| What is needed |
From the entries below, output the line with "120 Pezzi Ganci" and each following line up to and including the line with "Abstract Green Area Rug", exactly as written.

| Source records |
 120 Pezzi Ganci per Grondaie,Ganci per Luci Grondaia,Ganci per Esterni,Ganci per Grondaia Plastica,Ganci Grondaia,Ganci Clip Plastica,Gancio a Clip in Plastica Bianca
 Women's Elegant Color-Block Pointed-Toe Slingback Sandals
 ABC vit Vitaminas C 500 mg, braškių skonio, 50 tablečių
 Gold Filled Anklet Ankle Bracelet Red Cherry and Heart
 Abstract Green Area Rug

...

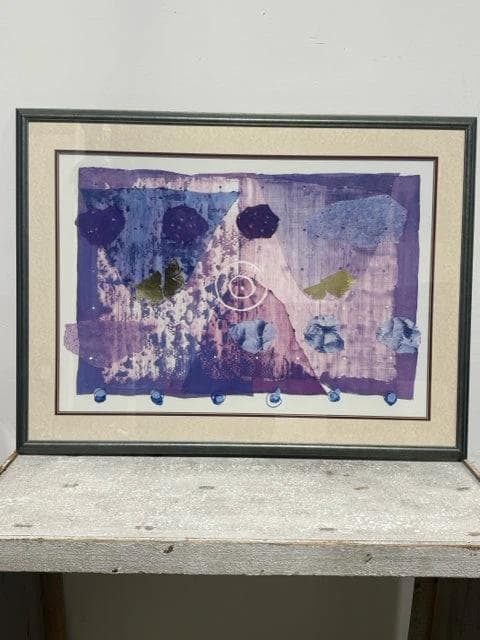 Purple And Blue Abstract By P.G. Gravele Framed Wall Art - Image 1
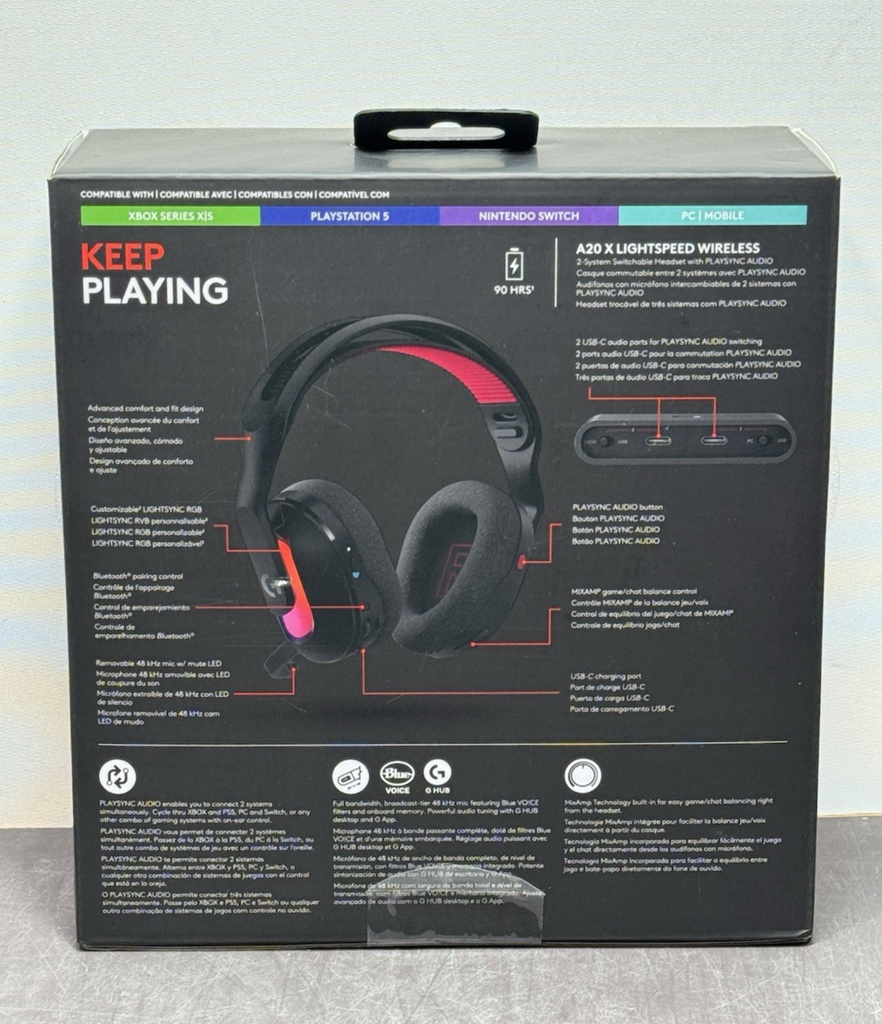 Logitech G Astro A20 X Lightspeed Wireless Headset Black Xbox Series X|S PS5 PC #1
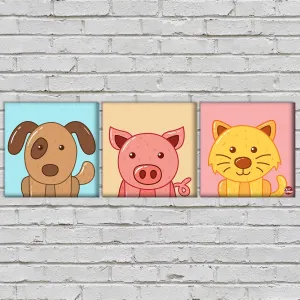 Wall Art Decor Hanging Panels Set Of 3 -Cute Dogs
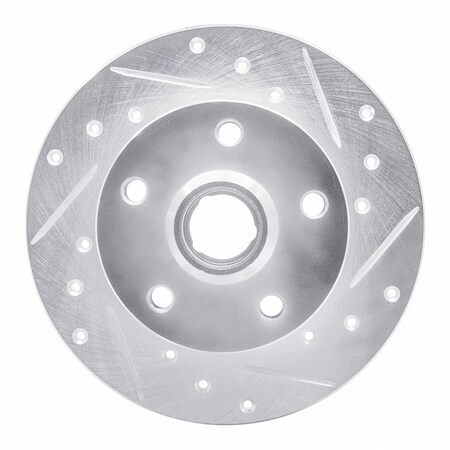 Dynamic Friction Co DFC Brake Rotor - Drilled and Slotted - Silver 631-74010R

* * *

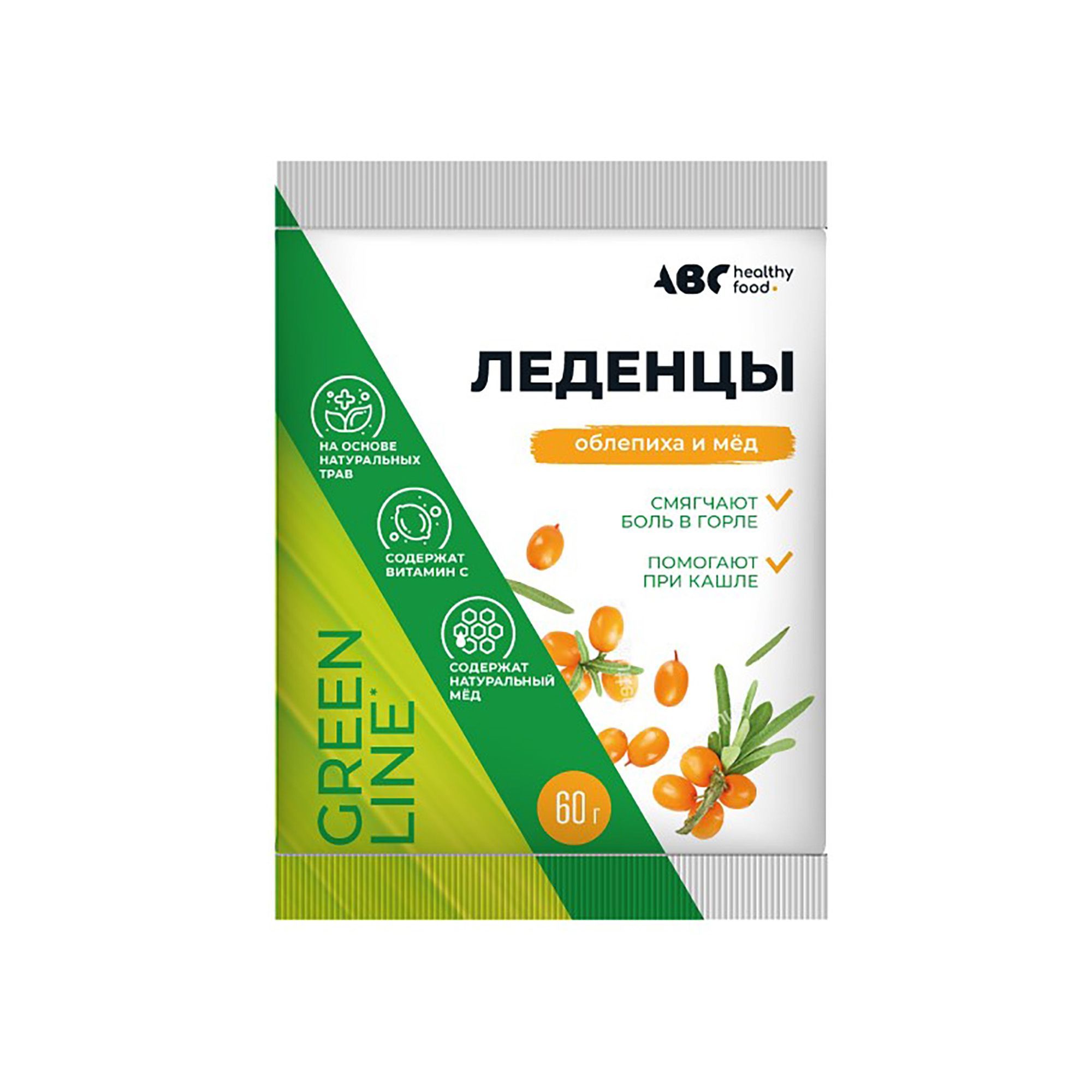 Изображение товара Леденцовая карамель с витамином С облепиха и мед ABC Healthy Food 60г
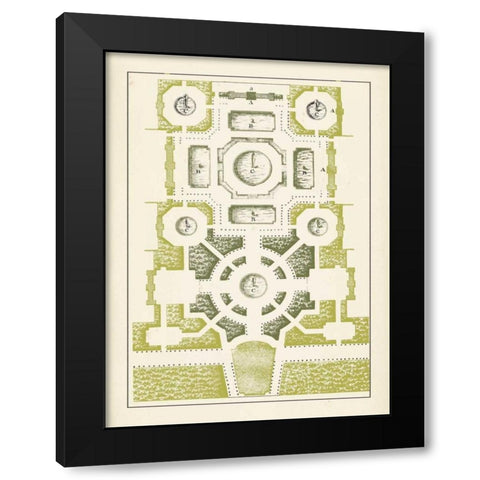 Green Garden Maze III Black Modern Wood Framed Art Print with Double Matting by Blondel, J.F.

| Exercise solution |
 120 Pezzi Ganci per Grondaie,Ganci per Luci Grondaia,Ganci per Esterni,Ganci per Grondaia Plastica,Ganci Grondaia,Ganci Clip Plastica,Gancio a Clip in Plastica Bianca
 Women's Elegant Color-Block Pointed-Toe Slingback Sandals
 ABC vit Vitaminas C 500 mg, braškių skonio, 50 tablečių
 Gold Filled Anklet Ankle Bracelet Red Cherry and Heart
 Abstract Green Area Rug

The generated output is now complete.